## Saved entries
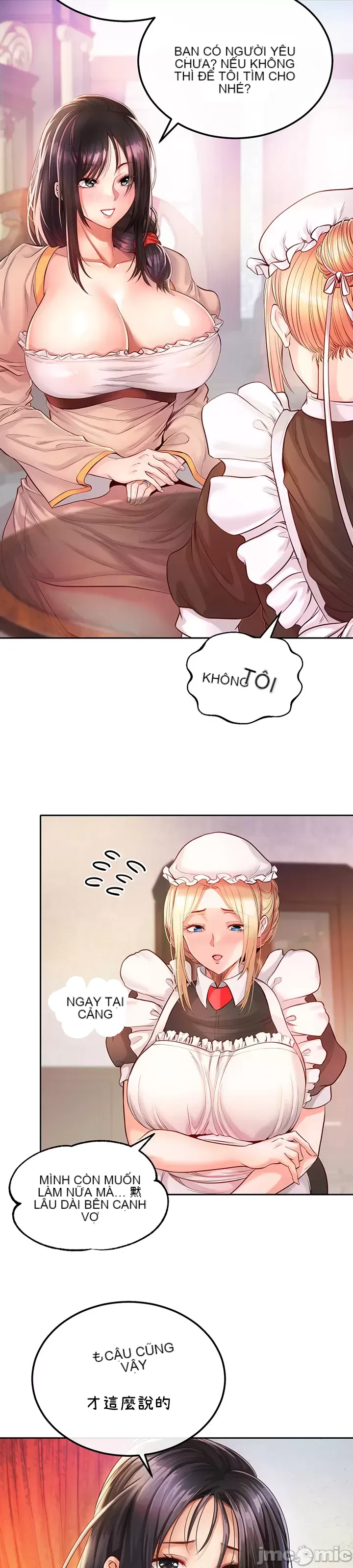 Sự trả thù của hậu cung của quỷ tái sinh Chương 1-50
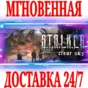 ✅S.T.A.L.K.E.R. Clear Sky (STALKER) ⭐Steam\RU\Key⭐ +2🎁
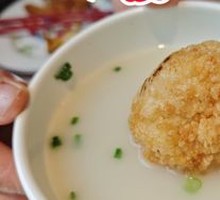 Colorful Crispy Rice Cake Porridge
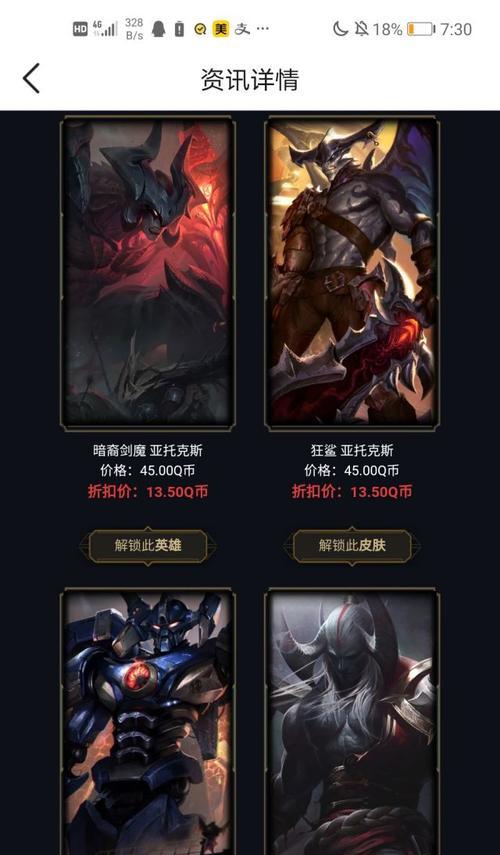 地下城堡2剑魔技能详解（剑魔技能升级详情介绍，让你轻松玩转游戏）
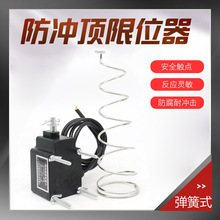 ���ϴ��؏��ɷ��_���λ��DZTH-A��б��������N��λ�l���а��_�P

## What is needed
Set the entries down again exactly. Do not include the images.

## Answer section
 Sự trả thù của hậu cung của quỷ tái sinh Chương 1-50
 ✅S.T.A.L.K.E.R. Clear Sky (STALKER) ⭐Steam\RU\Key⭐ +2🎁
 Colorful Crispy Rice Cake Porridge
 地下城堡2剑魔技能详解（剑魔技能升级详情介绍，让你轻松玩转游戏）
 ���ϴ��؏��ɷ��_���λ��DZTH-A��б��������N��λ�l���а��_�P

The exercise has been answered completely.